O que se seguiu - após uma interessante curta-metragem de fabrico caseiro em que um transexual expunha o seu processo de mudança - foi mais de uma hora de depoimentos cruzados com imagens que, sobretudo, ambicionavam ser metáfora. Os entrevistados não somavam mais do que uma dúzia, deixando sentir a necessidade de encurtar os seus discursos e introduzir outras vozes.

Muitas críticasHá uma dura crítica aos media. A mesma das vigílias: o terem revelado "desconhecer" a diferença entre travesti e transexual, entre homofobia e transfobia, entre orientação sexual e identidade de género.
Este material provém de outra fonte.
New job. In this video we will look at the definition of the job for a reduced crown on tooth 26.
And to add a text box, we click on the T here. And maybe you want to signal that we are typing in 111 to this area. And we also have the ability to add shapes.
Alguns activistas GLBT (Gays, Lésbicas, Bissexuais e Transgéneros) referem até "cobertura enganosa".
A Igreja católica, responsável pela instituição onde estavam internados muitos dos menores acusados de terem assassinado Gisberta, é acusada de ter "lavado as mãos". Espaço ainda para atacar o poder judicial e político, mas também para um mea culpa das associações GLBT.
O que sobressai do documentário é a noção de que o somatório de exclusão atingido por Gisberta Salce Júnior espelha a marginalização a que os transexuais (sobretudo os masculinos-femininos) são votados em Portugal: toda a sociedade discrimina. Enfrentam dificuldades de acesso ao sistema nacional de saúde, ao mercado de trabalho, a actos tão corriqueiros como abrir uma conta bancária.
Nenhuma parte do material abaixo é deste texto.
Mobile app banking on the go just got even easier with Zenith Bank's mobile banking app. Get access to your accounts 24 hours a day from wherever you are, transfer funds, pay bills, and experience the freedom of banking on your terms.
O dia de ontem, como explicou Sérgio Vitorino, encerrava uma extensa lista reivindicativa, nomeadamente "protecção na legislação penal face a crimes de ódio motivados pela transfobia" e o "total reconhecimento de género, incluindo o direito a escolher livremente os primeiros nomes". No fundo, uma lei de género como a espanhola.
Houve debate. Rute Bianca ficou emocionada: "Obrigada por estarem a fazer isto por nós. Vocês são os nossos braços, as nossas pernas, os nossos olhos, porque nós, transexuais, não podemos fazer isto que vocês estão a fazer. Seríamos logo insultados, apedrejados."